In [None]:
from dataclasses import dataclass
from collections import defaultdict
from abc import ABC

In [2]:
@dataclass
class BPETokenizerParms:
    vocab: dict[int, bytes] # index -> bytes
    merges: dict[tuple[int, int], int] # index1, index2 -> new_index

In [3]:
class Tokenizer(ABC):
    def encode(self, string: str) -> list[int]:
        raise NotImplementedError

    def decode(self, indices: list[int]) -> str:
        return NotImplementedError

In [None]:
def merge(indices: list[int], pair: tuple[int, int], new_index: int) -> list[int]:
    new_indices = []
    i = 0
    while i < len(indices):
        # 检查当前位置和下一位置是否匹配pair
        if i + 1 < len(indices) and indices[i] == pair[0] and indices[i + 1] == pair[1]:
            new_indices.append(new_index)  # 用新索引替换pair
            i += 2  # 跳过已合并的两个token
        else:
            new_indices.append(indices[i])  # 保留原token
            i += 1
    return new_indices

In [None]:
class BPETokenizer(Tokenizer):
    def __init__(self, params: BPETokenizerParms):
        self.params = params

    def encode(self, string: str) -> list[int]:
        """将字符串编码为token索引列表"""
        # 1. 先将字符串转换为UTF-8字节序列
        indices = list(map(int, string.encode("utf-8")))

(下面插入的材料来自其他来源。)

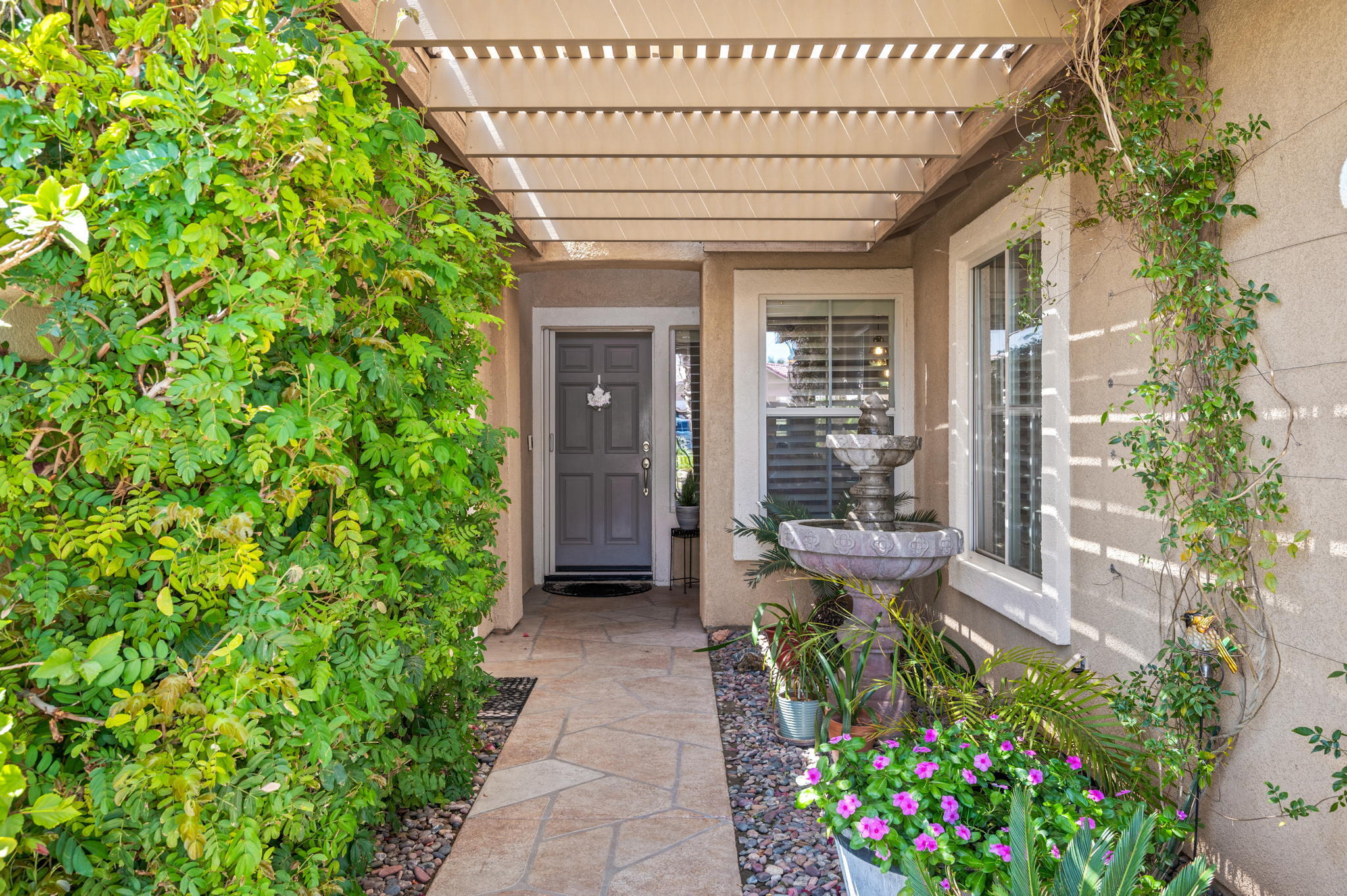 83414 Greenbrier Drive Indio, CA 92203 - Photo 8 of 43 a view of a porch with chairs and potted plants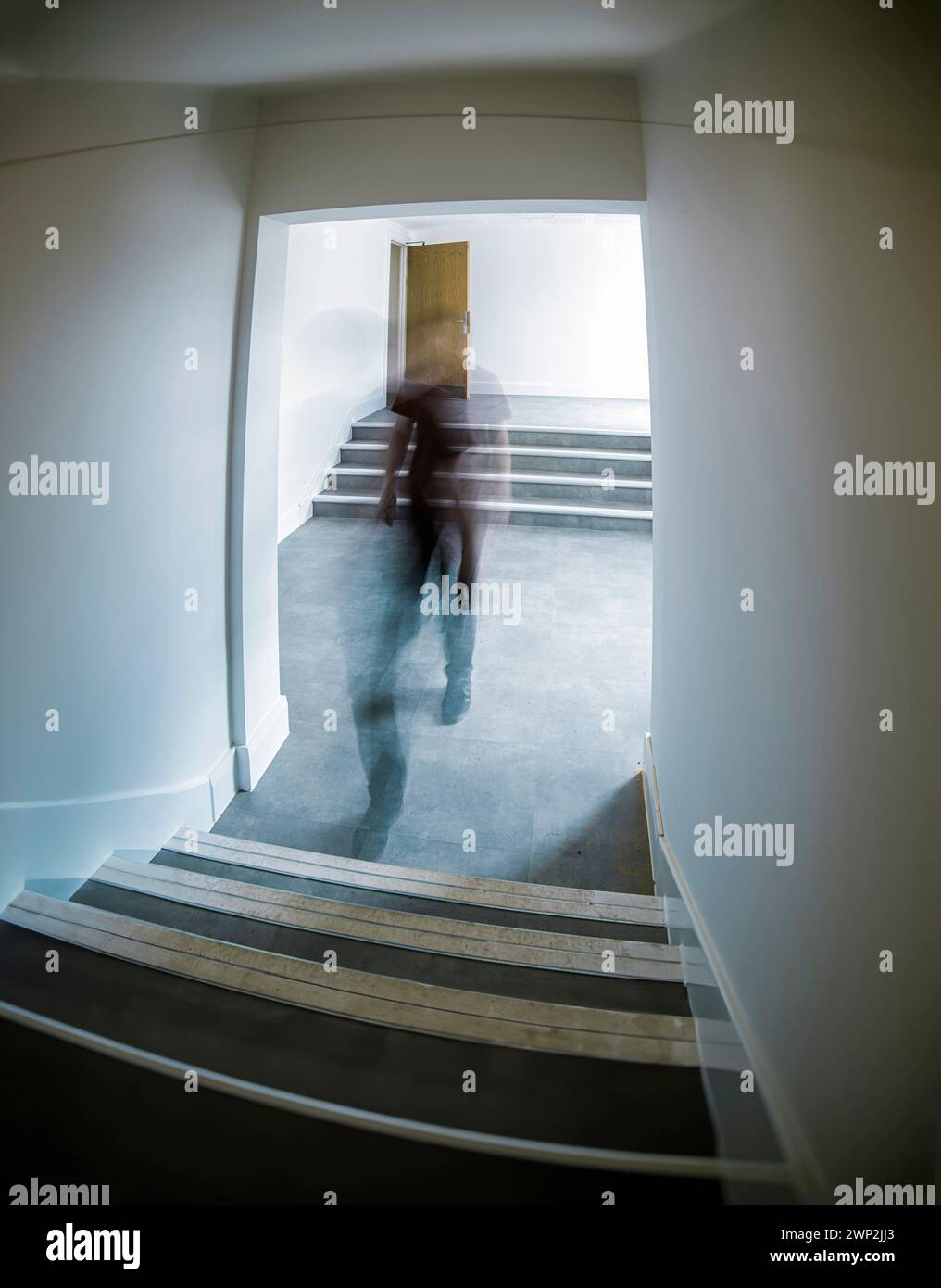 Blurred abstract image of a man moving through a corridor Stock Photo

        # 2. 按照训练时学到的合并规则，依次合并token
        for pair, new_index in self.params.merges.items():
            indices = merge(indices, pair, new_index)
        return indices

    def decode(self, indices: list[int]) -> str:
        """将token索引列表解码为字符串"""
        # 1. 根据vocab将每个索引映射回对应的字节序列
        bytes_list = list(map(self.params.vocab.get, indices))
        # 2. 拼接所有字节并解码为UTF-8字符串
        string = b"".join(bytes_list).decode("utf-8")
        return string

In [None]:
def train_bpe(string: str, num_merges: int) -> BPETokenizerParms:
    # 1. 初始化：将字符串转为UTF-8字节序列（每个字节作为一个token）
    indices = list(map(int, string.encode("utf-8")))
    merges: dict[tuple[int, int], int] = {}  # 记录合并规则
    vocab: dict[int, bytes] = {
        x: bytes([x]) for x in range(256)
    }  # 初始词汇表包含所有256个字节

    # 2. 执行num_merges次合并操作
    for i in range(num_merges):
        # 统计所有相邻token对的出现频率
        counts = defaultdict(int)
        for index1, index2 in zip(indices, indices[1:]):
            counts[(index1, index2)] += 1

        # 找到出现次数最多的token对
        pair = max(counts, key=counts.get)
        index1, index2 = pair

        # 为这个token对分配新的索引（从256开始递增）
        new_index = 256 + i
        merges[pair] = new_index  # 记录合并规则

        # 新token = 两个旧token的字节拼接
        vocab[new_index] = vocab[index1] + vocab[index2]

        # 在当前序列中应用这个合并规则
        indices = merge(indices=indices, pair=pair, new_index=new_index)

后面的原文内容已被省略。